§ **The input**

______

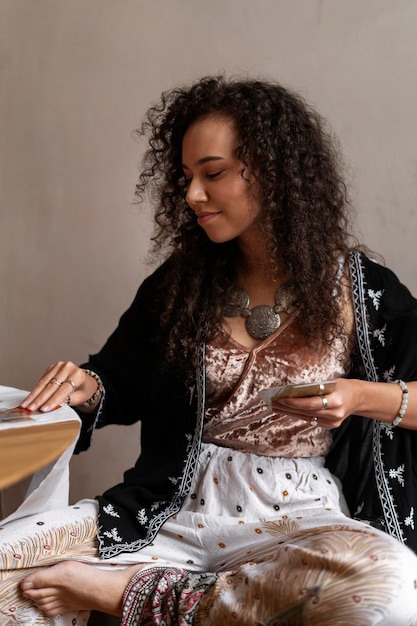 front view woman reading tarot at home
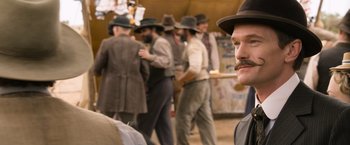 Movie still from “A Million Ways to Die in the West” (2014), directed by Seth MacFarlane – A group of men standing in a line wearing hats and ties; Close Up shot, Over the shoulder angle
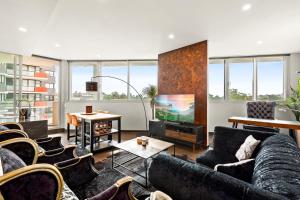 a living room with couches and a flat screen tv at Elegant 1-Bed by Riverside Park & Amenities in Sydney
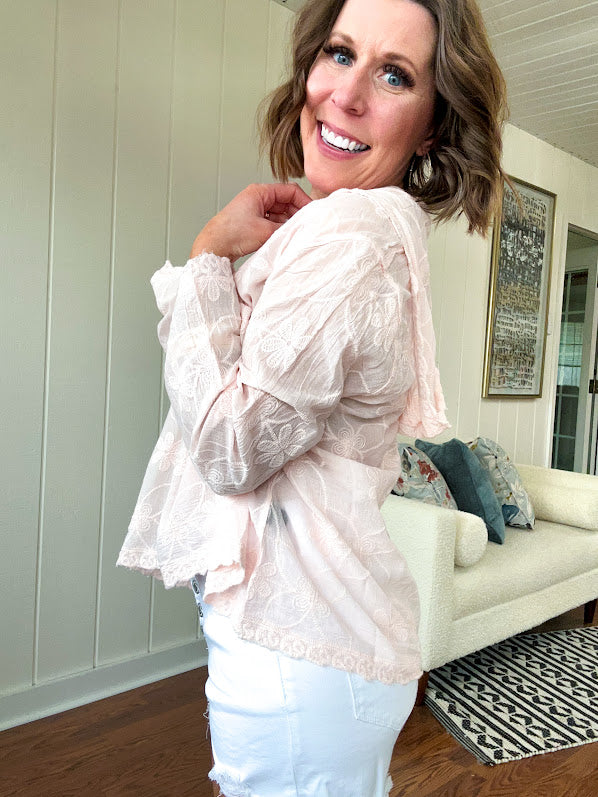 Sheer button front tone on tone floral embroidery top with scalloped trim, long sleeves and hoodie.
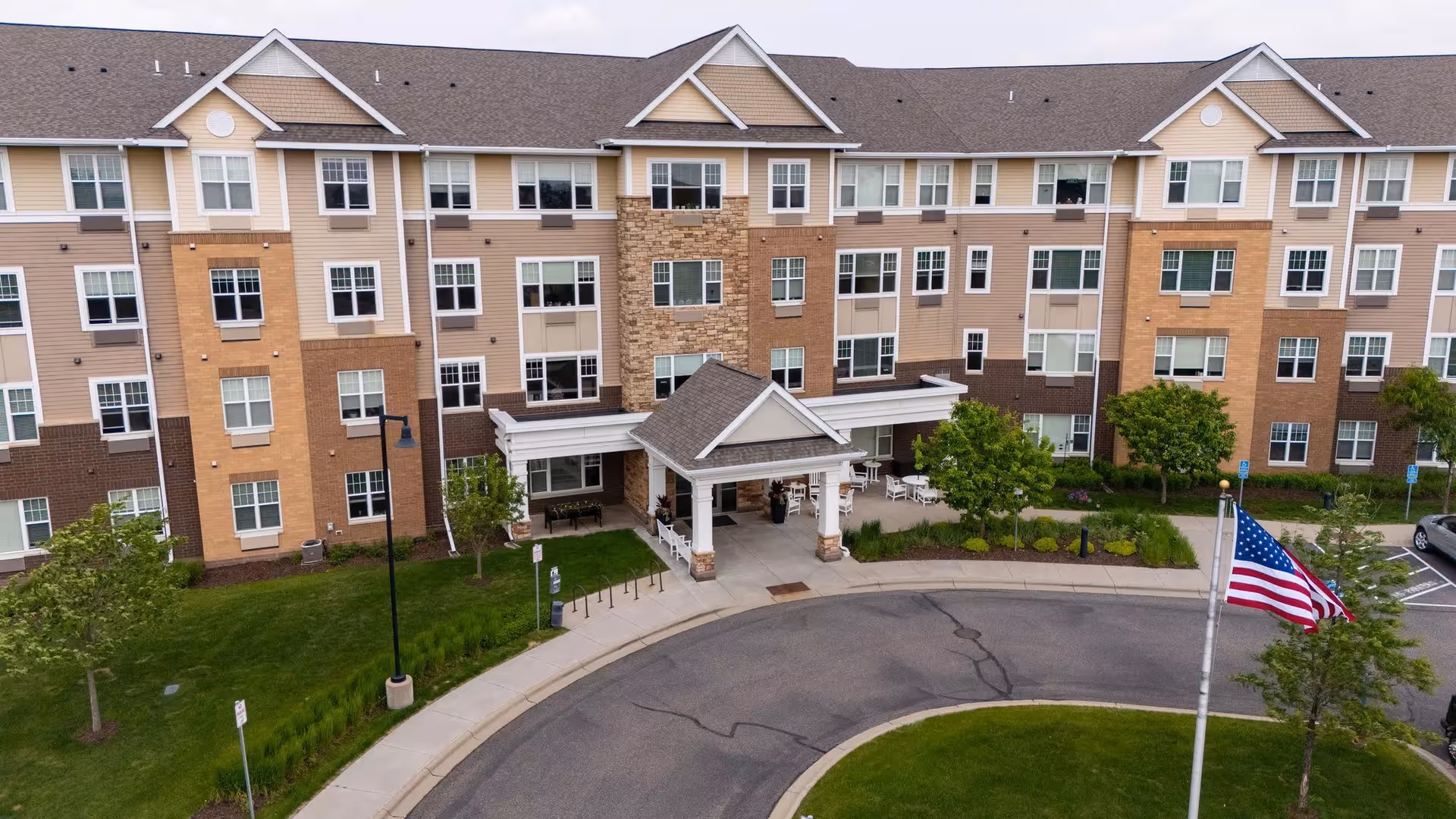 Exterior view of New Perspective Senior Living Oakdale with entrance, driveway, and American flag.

______

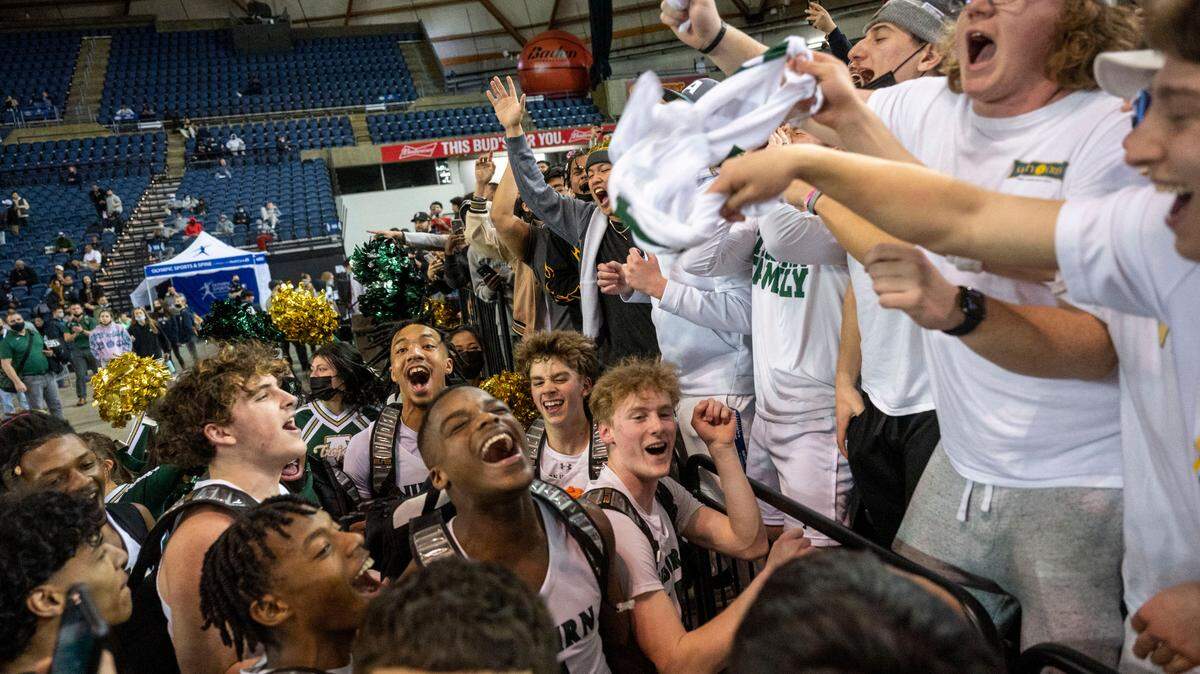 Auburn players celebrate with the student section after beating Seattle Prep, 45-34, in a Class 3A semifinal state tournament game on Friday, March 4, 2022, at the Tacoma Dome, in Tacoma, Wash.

______

§ **Work instructions**
Nothing but the lines above from the one that has "front view woman reading tarot at home" down to the one that has "Exterior view of" belongs in the answer, copied exactly, without pictures.

§ **Written response**
 front view woman reading tarot at home
 Movie still from “A Million Ways to Die in the West” (2014), directed by Seth MacFarlane – A group of men standing in a line wearing hats and ties; Close Up shot, Over the shoulder angle
 a living room with couches and a flat screen tv at Elegant 1-Bed by Riverside Park & Amenities in Sydney
 Sheer button front tone on tone floral embroidery top with scalloped trim, long sleeves and hoodie.
 Exterior view of New Perspective Senior Living Oakdale with entrance, driveway, and American flag.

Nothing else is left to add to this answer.